Many legal disputes fall neatly in one category such as civil, family or criminal law. After completing their training most modern-day lawyers, and this includes judges, tend to focus on one main area of law, even if they cover a wide range of types of cases within that area. Problems can occur when a case straddles two normally distinct areas of law.

A recent appeal in the Court of Appeal Criminal Division, Parker v  Financial Conduct Authority & Anor [2021] EWCA Crim 956, provides an example of a case where the criminal courts had to determine an issue which was really a matter of property litigation, a branch of civil law which specialist criminal lawyers might often have no experience of.

Background to Parker v FCA

The appeal was brought by Mr Parker, and it concerned a house which he claimed he was the majority owner of under a trust. Mr Parker had lost money in various fraudulent investments schemes at the hands of Mr Michael Moore. Mr Moore had been convicted of multiple offences under Financial Services and Markets Act 2000 and sentenced to seven years imprisonment. None of the offences for which Mr Moore was convicted related to Mr Parker’s investments, but the appeal court said that Mr Parker, a widower in his eighties, fit the typical profile of Mr Moore’s victims.

After Mr Parker had already lost hundreds of thousands of pounds in sham investment schemes, Mr Moore had invited Mr Parker to invest in a large house in Maidstone called Bockingford Court. Mr Parker was told that he and Mr Moore (and later Mr Moore’s stepfather) would own a percentage in the property corresponding to their financial contributions to the purchase, with the profits to be shared between them after it was refurbished and sold.

What Mr Parker did not know was that the property was bought in the sole name of Mr Moore’s stepfather, Reverend Higgs, and that Mr Moore intended to live in the house with his wife. Money had been transferred from Mr Moore’s company to his stepfather in order to convince a mortgage lender that Rev Higgs had the cash to pay the deposit. No paperwork was produced to record Mr Parker’s interest in the Property at this time.

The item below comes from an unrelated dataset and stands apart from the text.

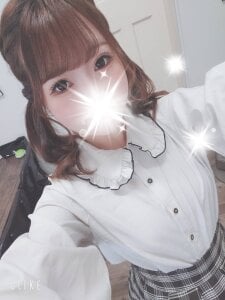 Miku_sexy Public Pic 3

When Mr Moore was convicted in relation to other fraudulent dealings, the Financial Conduct Authority asked the Crown Court to make a confiscation order under the Proceeds of Crime Act 2002. In those proceedings the Court assessed that Mr Moore’s total benefit from criminal conduct was just over £2 million. However, with only £255 in his bank account, Mr Moore’s only substantial asset was his share in Bockingford Court. That property was initially valued at £825,000 and it was later sold for slightly more than that.

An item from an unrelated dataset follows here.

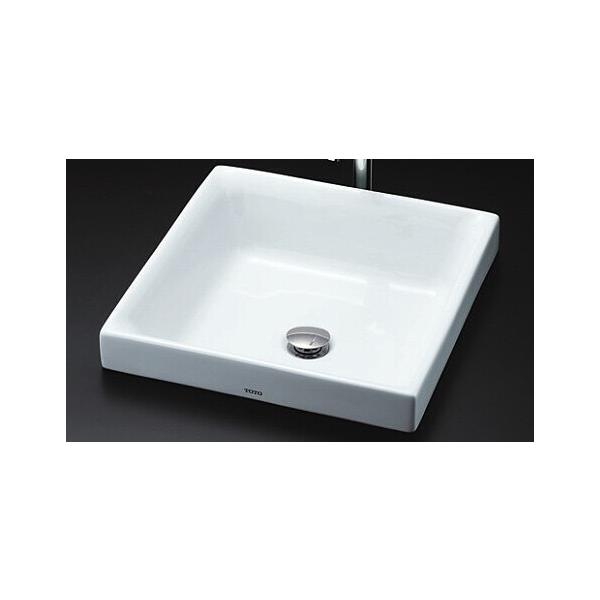 LS715 + TLG09303J@TOTO@JE^[p`ʊZbg@xbZ@VO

Mr Parker’s interest in Bockingford Court

In the Crown Court, Mr Parker had intervened in the confiscation proceedings and argued that he had a 70% share in the property under a constructive trust. His lawyers argued that Mr Parker obtained this interest under a ‘common intention constructive trust’ because there was an express agreement made between himself and Mr Moore about the use of Mr Parker’s money to invest in the property. The Court of Appeal records that Mr Parker had “relied on the principle that a common intention constructive trust will arise where a party has acted to their detriment in reliance upon a common intention that he or she will acquire an interest in a property”.

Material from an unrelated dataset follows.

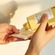 imageUrl_5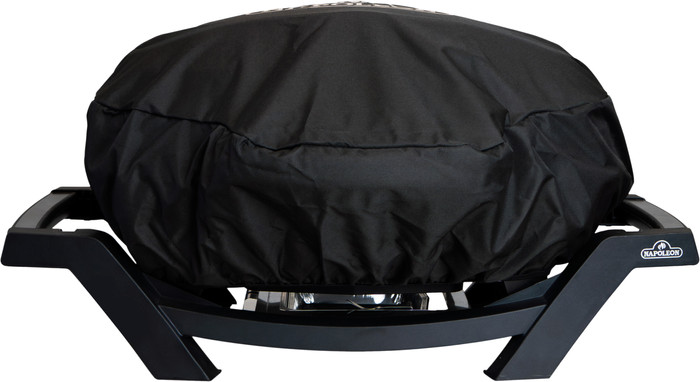 Napoleon TRAVELQ PRO285 Elektrisch accessoire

The judge in the Crown Court found against Mr Parker, ruling that no trust interest for Mr Parker had been created, and that he was therefore just another one of Mr Moore’s victims. The Court of Appeal was critical of the judge’s reasoning here – finding it to be brief and unsatisfactory – but also sympathetic, noting near the start of the judgement that it was unfortunate that Judges in the Crown Court were required to make such determinations on “without having (or being expected to have) expertise in the law of trusts, and without necessarily having the assistance of specialist counsel” [paragraph 10].

The Court of Appeal reassessed the shares in the property as 70% for Mr Parker, and 15% each for Mr Moore and his wife. That might sound like an excellent result for Mr Parker, save for two harsh realities – firstly, Mr Parker was defrauded of almost £1,000,000 in total and there was no prospect of compensation for his other losses. Secondly, Bockingford Court had already been sold, and the proceeds of sale distributed among other victims of Mr Moore, the courts service, the FCA and Mr Moore’s wife. The Court of Appeal explained that it could not fully correct the consequences of the erroneous decision made in the Crown Court – the other victims could not be required to return the compensation they had received – and a claim in the civil courts against Mrs Moore would be required to pursue repayment from her.

Lessons to learn

Concluding her judgment, Lady Justice Andrews said that Mr Parker had been badly let down by the criminal justice system, and recommended that the Lord Chancellor treat with sympathy any request from Mr Parker for compensation.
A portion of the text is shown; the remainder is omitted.